(Pictures with short captions)

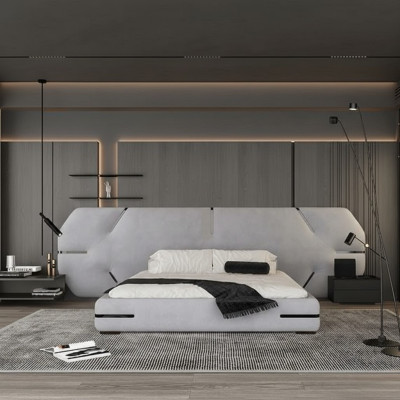 Cama cinza moderna com cabeceira elegante e design para o quarto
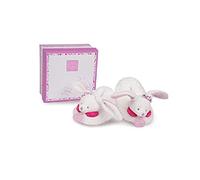 Doudou et Compagnie - Coffret Chaussons avec Hochet - Lapin Cerise - Boite Cadeau - Blanc et Rose - De 0 à 6 Mois - Doux et Chaud - Idée Cadeau Naissance Fille - DC2702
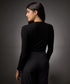 Long Sleeve Round Neck Rib Top- Jet Black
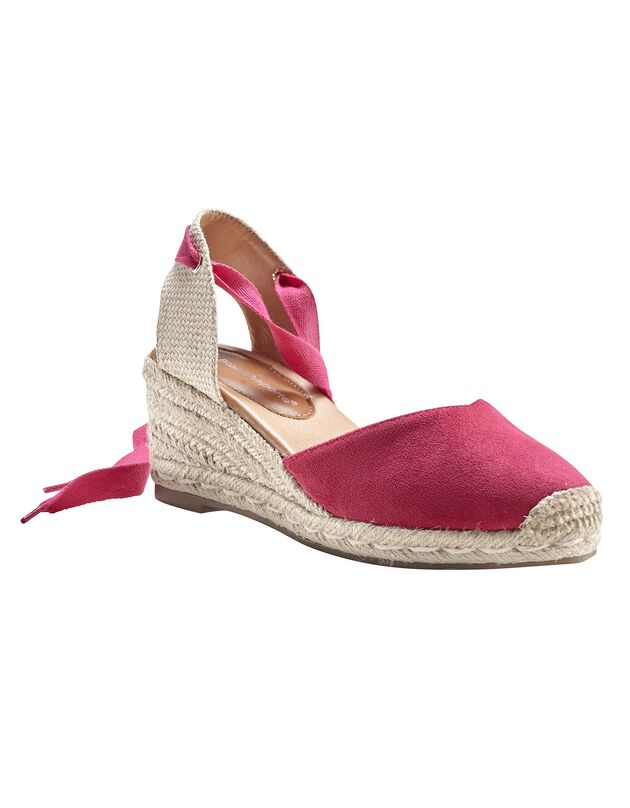 Sandalen met sleehak en bindlintjes (fuchsia)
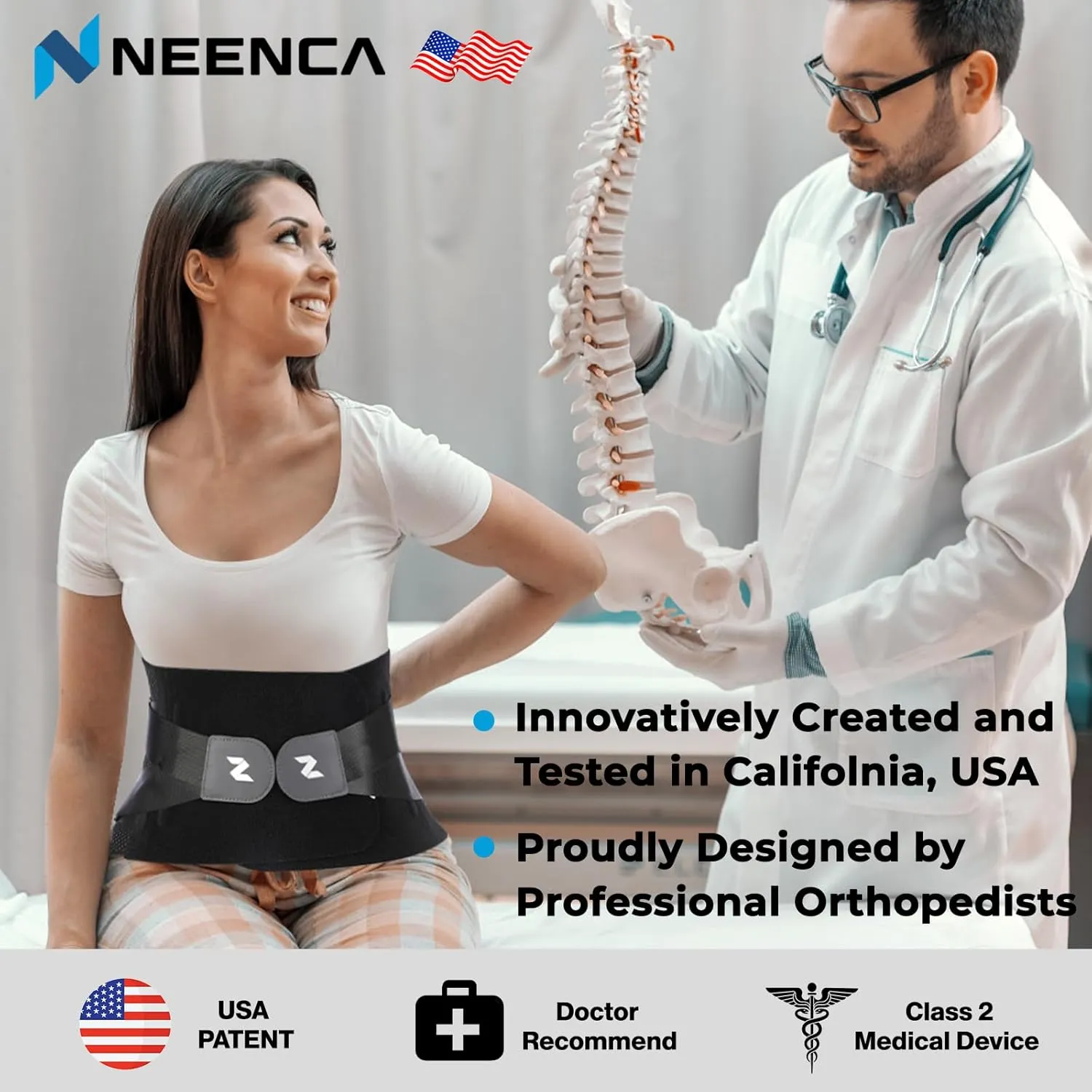 NEENCA Back Brace for Lower Back Pain Relief with Bionic Support System, Adjustable Lumbar Support Belt for Men & Women with Lumbar Pad, Soft Breathable Mesh for Herniated Disc, Sciatica, Scoliosis...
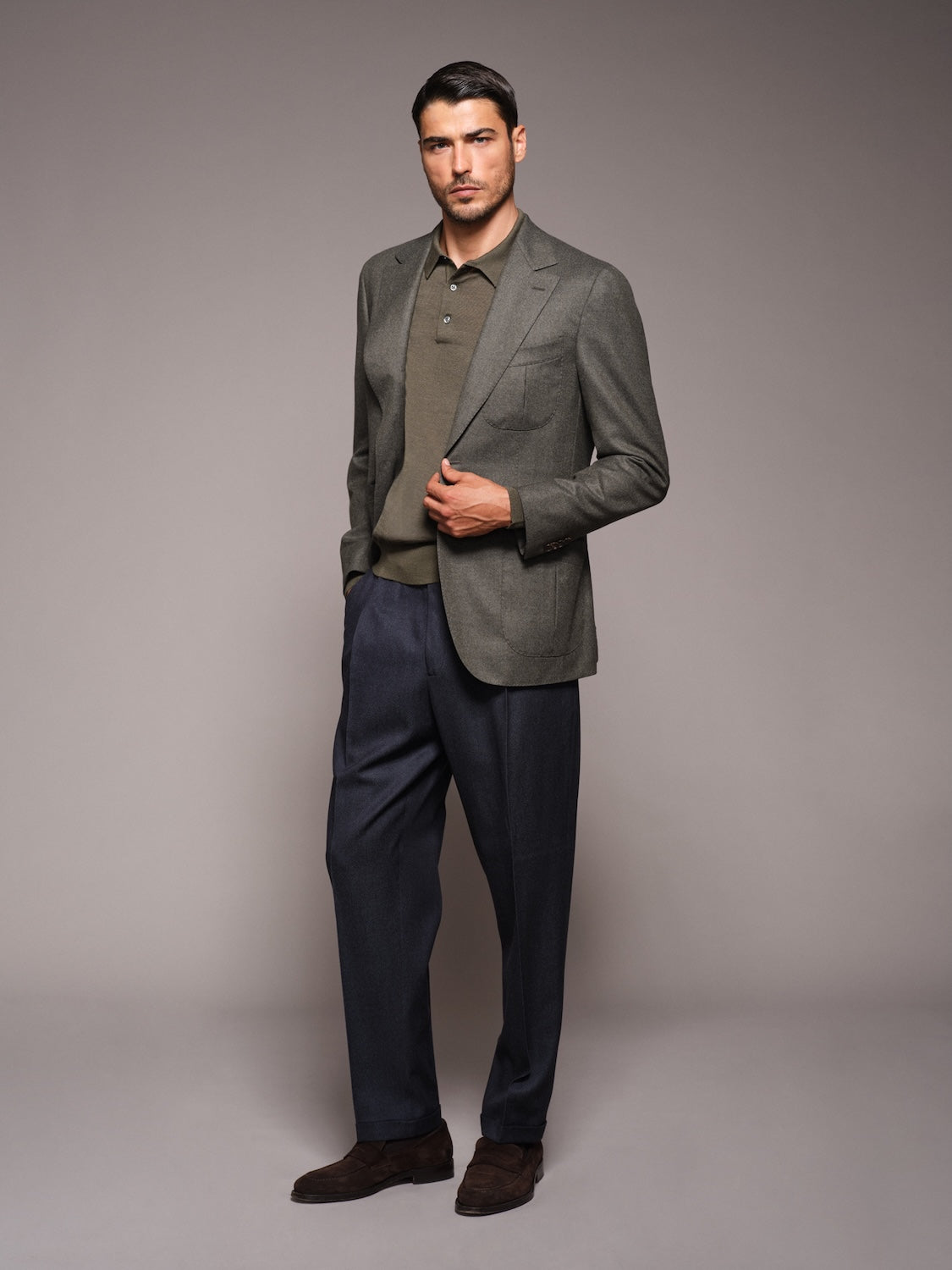 Pantalone comfort fit in lana effetto denim blu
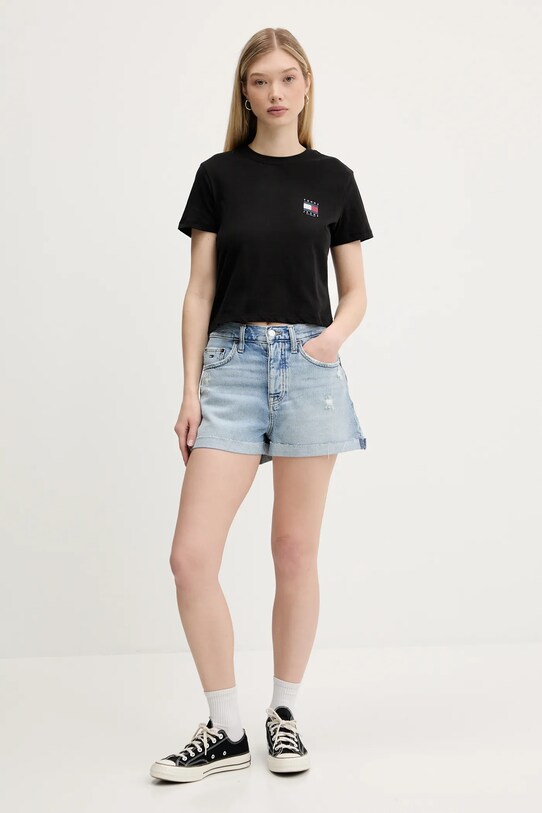 Tommy Jeans t-shirt bawełniany DW0DW21423 czarny AW25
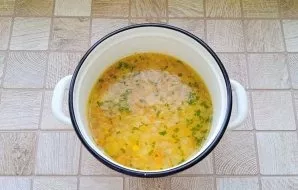 Soup with millet and corn is ready.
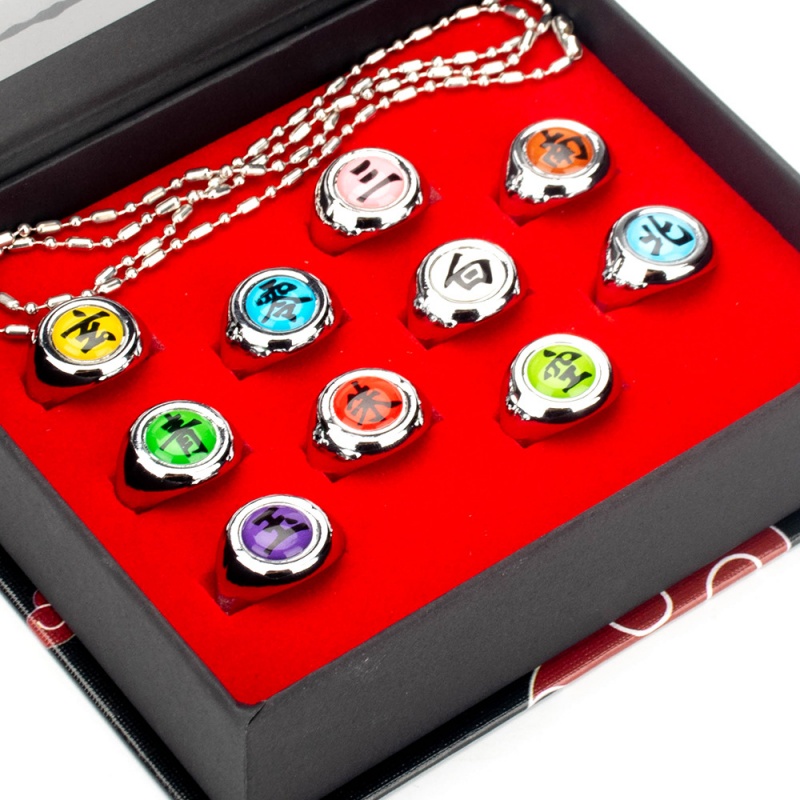 Rare Anime Merchandise - Conjunto de 10 Anéis de Metal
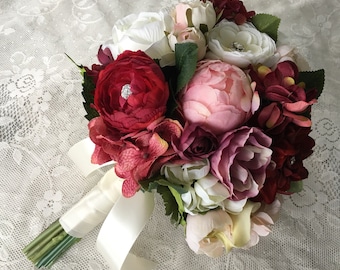 Wedding Bouquet, Bridal Bouquet, Blush & Burgundy Wedding Flowers, Silk Floral Bouquet, Blush and Burgundy Bouquet, Rose Hydrangea Bouquet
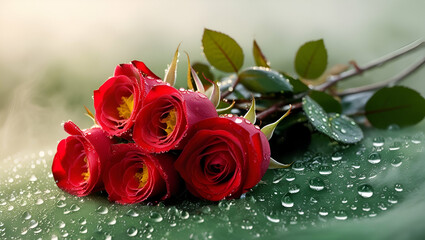 red rose with water drops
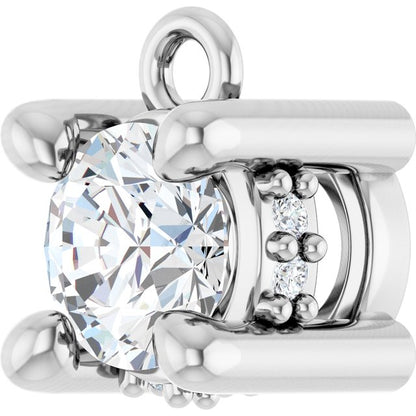 1/4 CTW Natural Diamond Hidden Halo Dangle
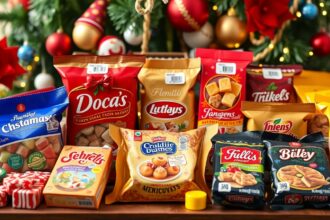 Szaloncukrok és édességek karácsonyi dekorációval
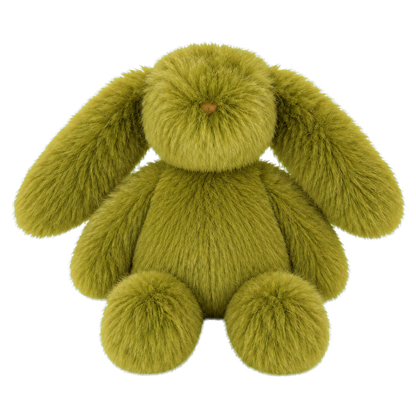 Olive Green oversized genuine rabbit fur bunny decor with no neck tie on transparent background
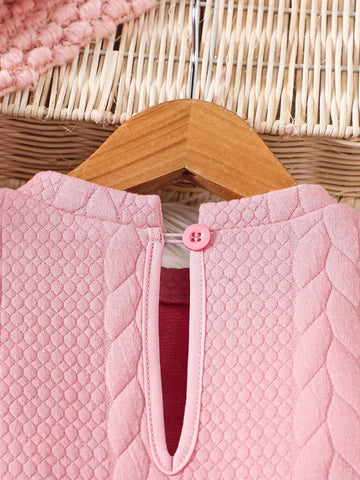 Young Girl Autumn Winter Textured Knit Padded Cap Sleeve Casual Dress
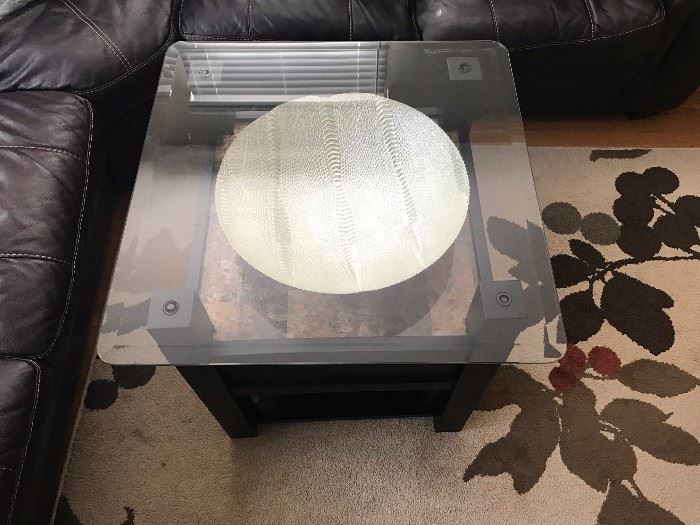 Raymour & Flanigan Glass Top Side Table - $195 Pair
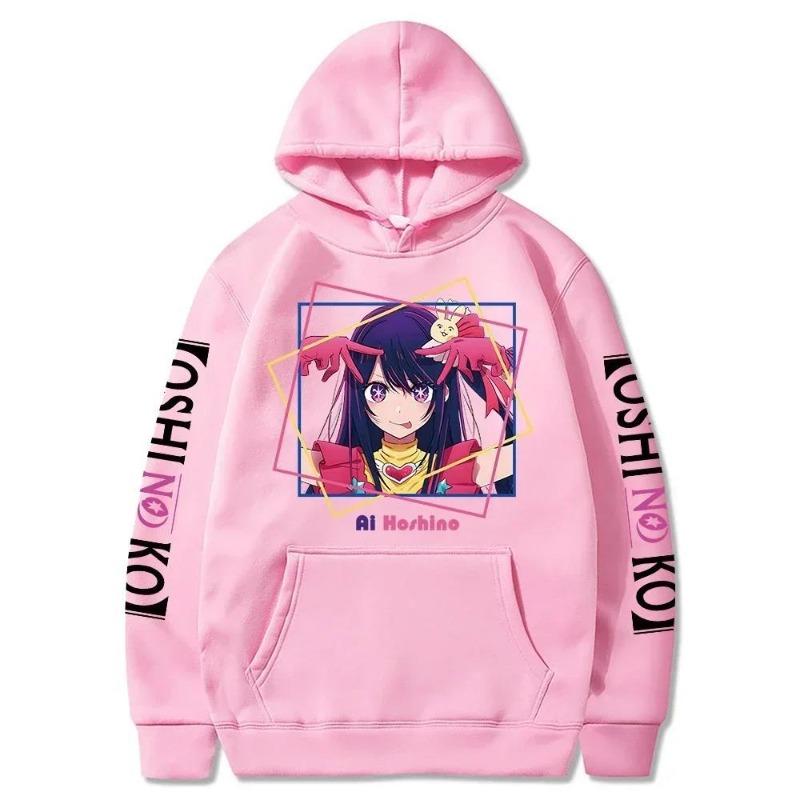 Oshi No Ko Anime Ai Hoshino Print Kapuzenpullover Harajuku Mädchen Pullover Ausgefallenes Musikgeschenk Lässiges Lockeres Bequemes Sweatshirt S von Joom DACH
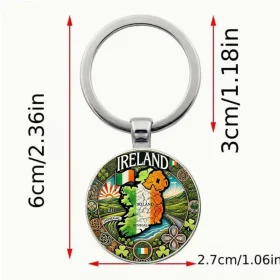 Irish map keychain reverse view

ACTION ITEM:
Your task is to reproduce the entries above word for word, from the first line through the line with "Olive Green oversized", and please leave out any pictures.

RESULT OF THIS EXERCISE:
 Cama cinza moderna com cabeceira elegante e design para o quarto
 Doudou et Compagnie - Coffret Chaussons avec Hochet - Lapin Cerise - Boite Cadeau - Blanc et Rose - De 0 à 6 Mois - Doux et Chaud - Idée Cadeau Naissance Fille - DC2702
 Long Sleeve Round Neck Rib Top- Jet Black
 Sandalen met sleehak en bindlintjes (fuchsia)
 NEENCA Back Brace for Lower Back Pain Relief with Bionic Support System, Adjustable Lumbar Support Belt for Men & Women with Lumbar Pad, Soft Breathable Mesh for Herniated Disc, Sciatica, Scoliosis...
 Pantalone comfort fit in lana effetto denim blu
 Tommy Jeans t-shirt bawełniany DW0DW21423 czarny AW25
 Soup with millet and corn is ready.
 Rare Anime Merchandise - Conjunto de 10 Anéis de Metal
 Wedding Bouquet, Bridal Bouquet, Blush & Burgundy Wedding Flowers, Silk Floral Bouquet, Blush and Burgundy Bouquet, Rose Hydrangea Bouquet
 red rose with water drops
 1/4 CTW Natural Diamond Hidden Halo Dangle
 Szaloncukrok és édességek karácsonyi dekorációval
 Olive Green oversized genuine rabbit fur bunny decor with no neck tie on transparent background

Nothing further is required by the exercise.